• [Required work]:
The lines from the one with "Rumah Ready Daerah" through the last line of the material below, copied exactly and free of pictures, make up the whole answer.

── Data section

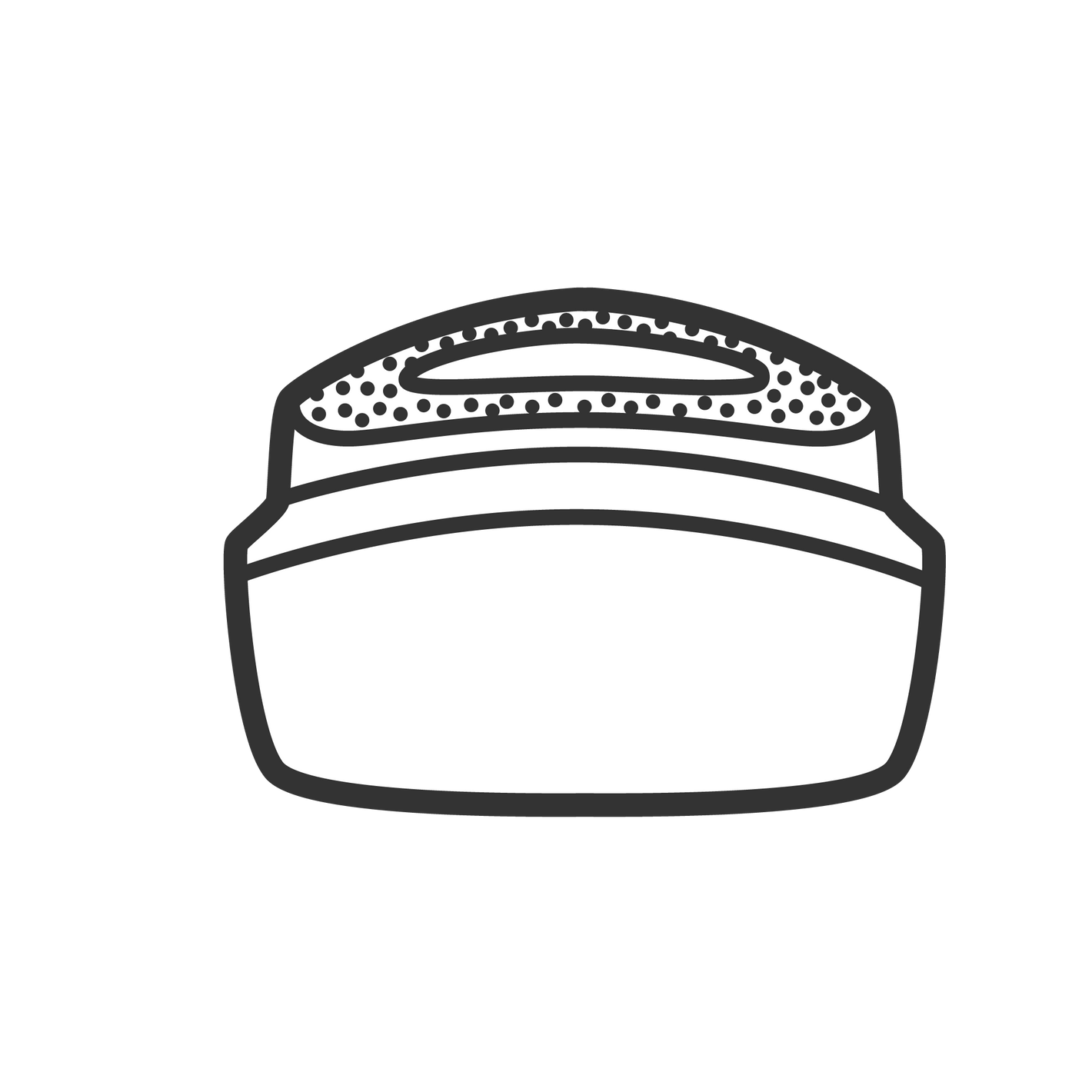 kissfoliator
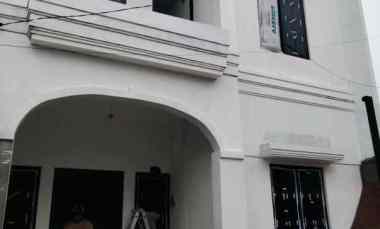 Rumah Ready Daerah Bintaro dekat Stasiun Sudimara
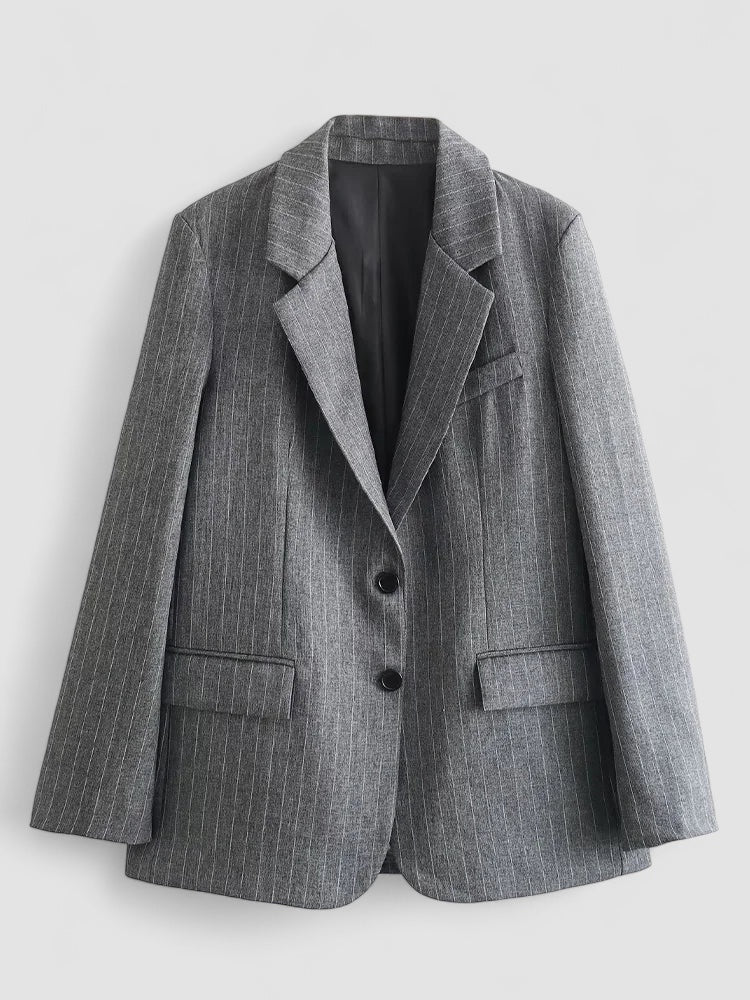 Aurora™ | Amandine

────

• [Written response]:
 Rumah Ready Daerah Bintaro dekat Stasiun Sudimara
 Aurora™ | Amandine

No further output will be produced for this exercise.